Throughout the article, using Dynegy as the example, I see three key components of how to change your culture while keeping a focus on strategy guidance.

1) Rebuild Trust through Honest Conversations (and start at the top)

Dynegy CEO Bob Flexon began his culture overhaul by rebuilding trust within and among his senior leadership team:

“In June, the company’s 37 highest-ranking executives participated in a two-day offsite meeting led by Senn Delaney, which included trust-building exercises. In one drill, a pair of managers spent one minute expressing appreciation for each other’s work, then spent the next giving constructive criticism.”

Think about how you receive information such as this from others. Do you tend to push off praise or do you accept the positive feedback as emphasis of what you do well and where you excel? With constructive criticism, do you accept it in the spirit it is given or do you see it as an attack? Both versions of feedback are critical to honest conversations and healthy rebuilding of a company culture built on trust and recognition.

2) Base Performance Reviews on Your Cultural Hallmarks (Core Values)

Dynegy first focussed their energy around specific core values and then looked for ways to bring those values to life for employees:

“Then, executives tried to carry out their pledges. Employees got performance reviews for the first time in two years, with bosses judging their subordinates in part on whether they embraced the core values.”

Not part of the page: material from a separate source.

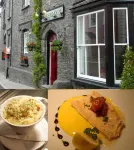 The Red Lion Hotels in Llandeilo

Building your core values into the performance review process is a key step in carrying your values throughout the work. However, an opportunity remains for Dynegy to do better in this area by not limiting this feedback to once a year from one person, but expanding the opportunity for all to contribute positive feedback on everyone else who lives the values throughout the year. (This is the essence of the crowdsourced performance review.)

3) Establish Culture Champions

Let me be clear. Every employee owns your company culture. All are equally responsible for contributing to the culture. That said, establishing culture champions is a smart move. Empower these champions to reinforce your culture and your goals. Here’s an example from  Dynegy:

“Meanwhile, 15 specially trained ‘culture champions’ are attempting to reinforce the message. At meetings, one such champion, Chief Administrative Officer Carolyn J. Burke, says she sometimes chastens a colleague for tapping on his BlackBerry by declaring, ‘Hey Joe, be here now.’”

Has your organisation undergone a culture revolution? What steps were taken and how was the new culture implemented?